__EXTRACTED INFORMATION__:
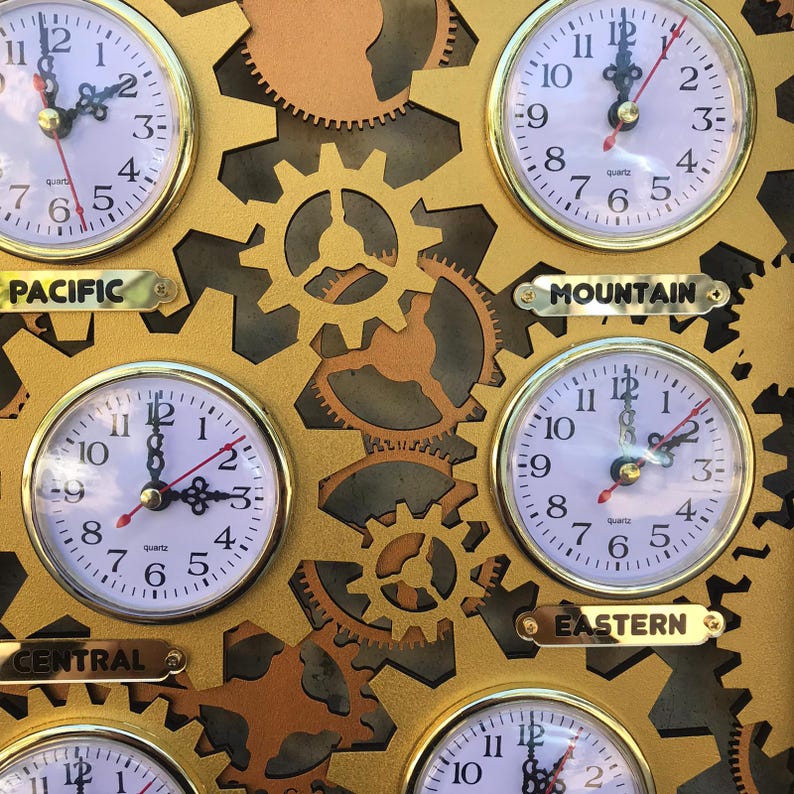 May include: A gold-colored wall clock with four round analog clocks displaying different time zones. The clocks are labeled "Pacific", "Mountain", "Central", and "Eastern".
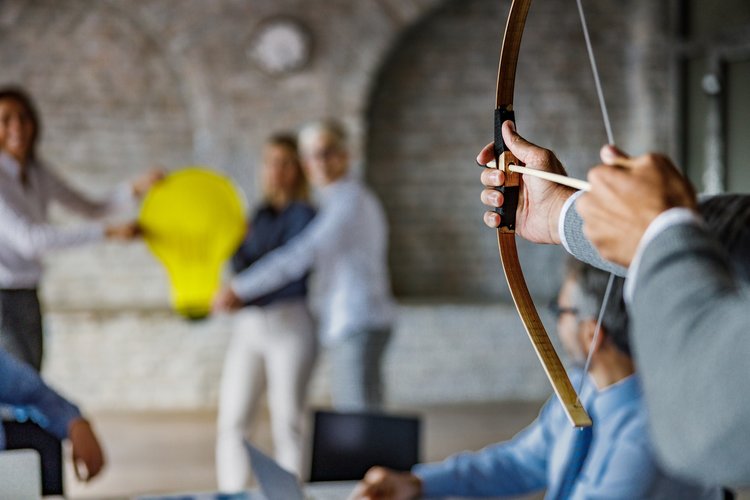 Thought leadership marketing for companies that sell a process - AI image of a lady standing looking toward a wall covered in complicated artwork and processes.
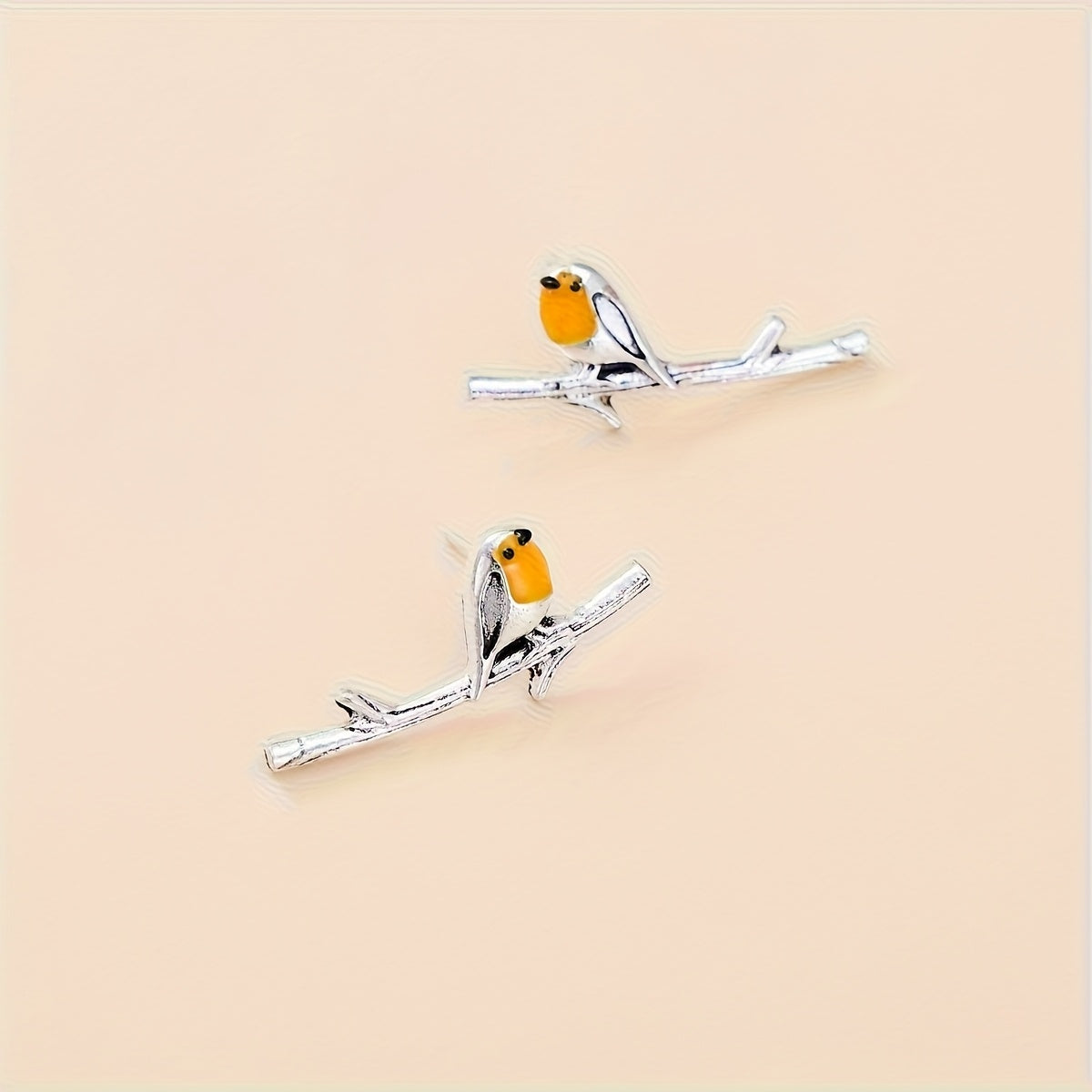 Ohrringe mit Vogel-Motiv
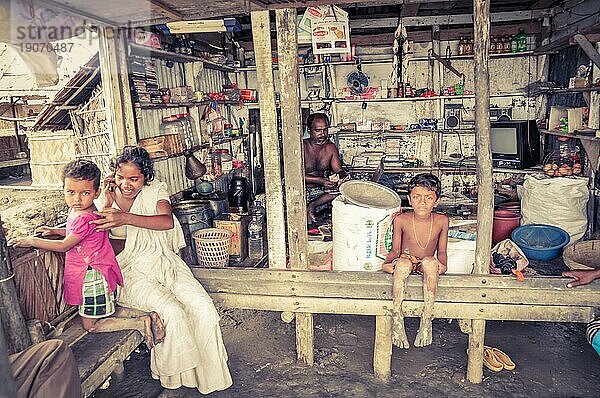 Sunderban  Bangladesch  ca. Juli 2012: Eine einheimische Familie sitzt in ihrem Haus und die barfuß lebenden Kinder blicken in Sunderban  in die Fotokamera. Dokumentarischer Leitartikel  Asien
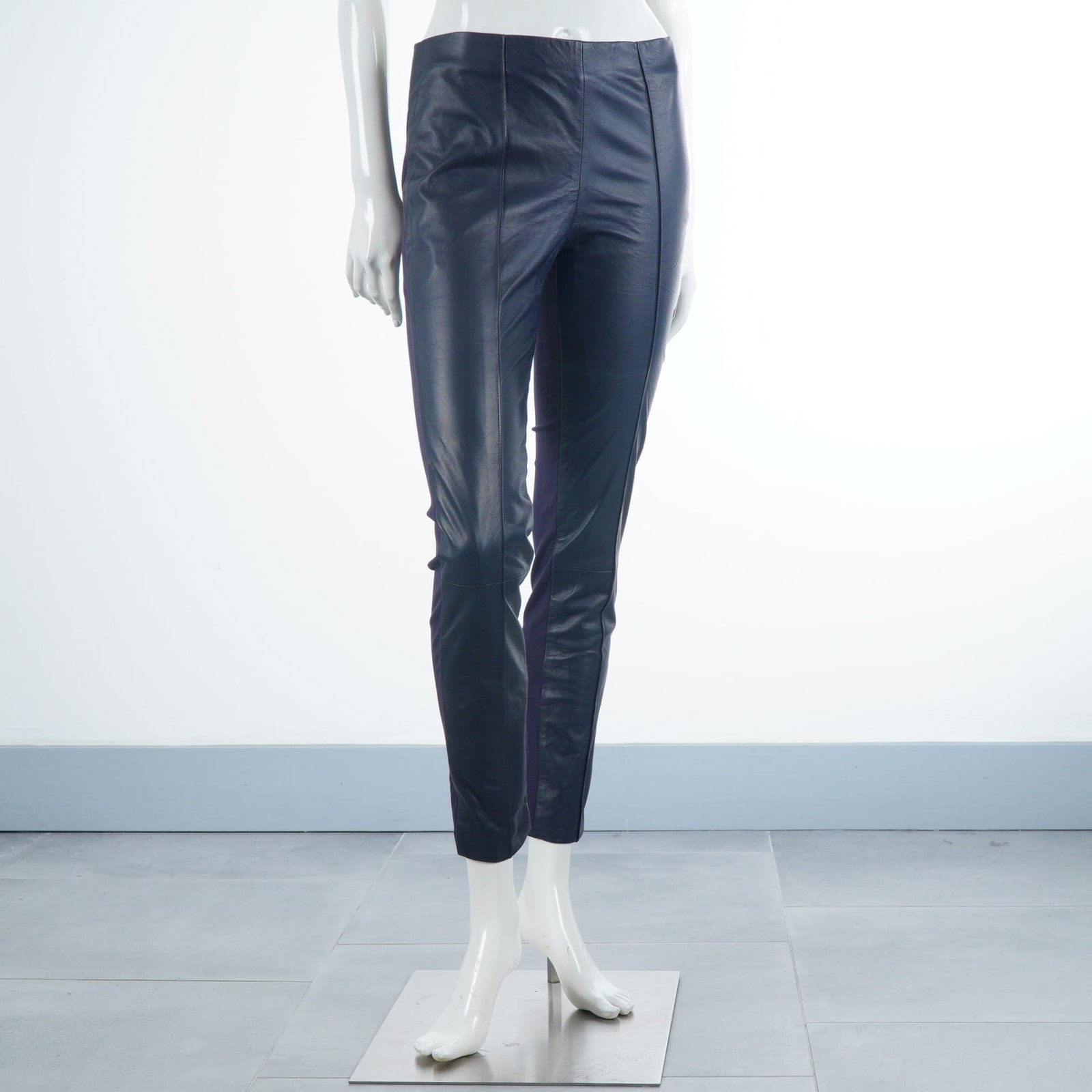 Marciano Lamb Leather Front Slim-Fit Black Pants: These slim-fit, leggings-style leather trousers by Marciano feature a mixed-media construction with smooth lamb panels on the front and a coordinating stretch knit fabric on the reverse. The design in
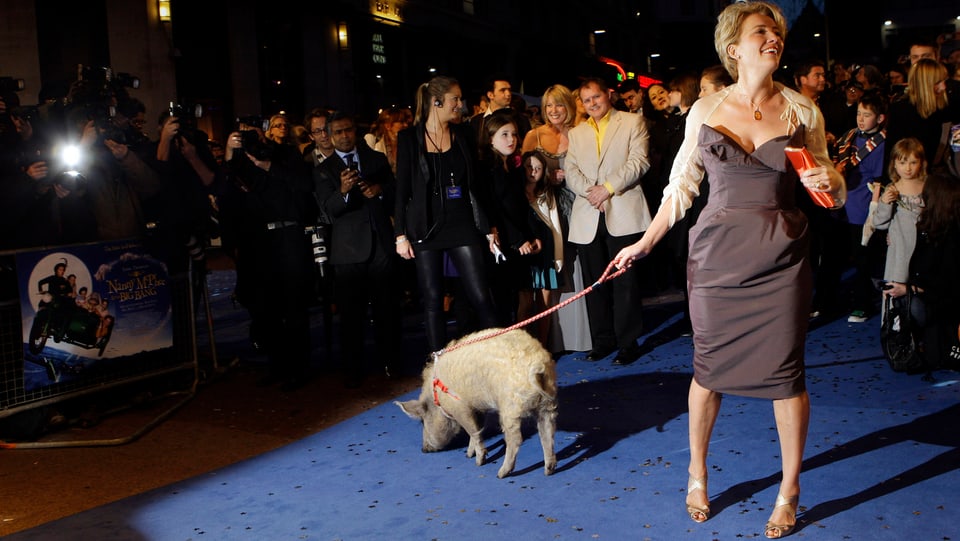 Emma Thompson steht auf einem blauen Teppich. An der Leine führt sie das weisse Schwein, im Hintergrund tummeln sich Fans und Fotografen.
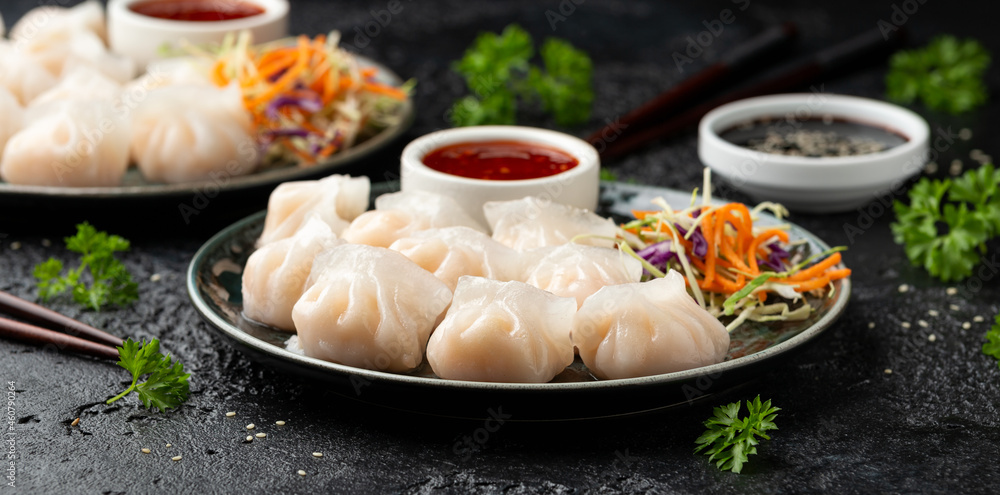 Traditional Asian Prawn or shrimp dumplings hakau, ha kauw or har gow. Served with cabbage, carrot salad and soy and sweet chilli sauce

__TASK DIRECTIONS__: Pictures are to be left out; the rest of the listing should be printed exactly.

__REPLY__:
 May include: A gold-colored wall clock with four round analog clocks displaying different time zones. The clocks are labeled "Pacific", "Mountain", "Central", and "Eastern".
 Thought leadership marketing for companies that sell a process - AI image of a lady standing looking toward a wall covered in complicated artwork and processes.
 Ohrringe mit Vogel-Motiv
 Sunderban  Bangladesch  ca. Juli 2012: Eine einheimische Familie sitzt in ihrem Haus und die barfuß lebenden Kinder blicken in Sunderban  in die Fotokamera. Dokumentarischer Leitartikel  Asien
 Marciano Lamb Leather Front Slim-Fit Black Pants: These slim-fit, leggings-style leather trousers by Marciano feature a mixed-media construction with smooth lamb panels on the front and a coordinating stretch knit fabric on the reverse. The design in
 Emma Thompson steht auf einem blauen Teppich. An der Leine führt sie das weisse Schwein, im Hintergrund tummeln sich Fans und Fotografen.
 Traditional Asian Prawn or shrimp dumplings hakau, ha kauw or har gow. Served with cabbage, carrot salad and soy and sweet chilli sauce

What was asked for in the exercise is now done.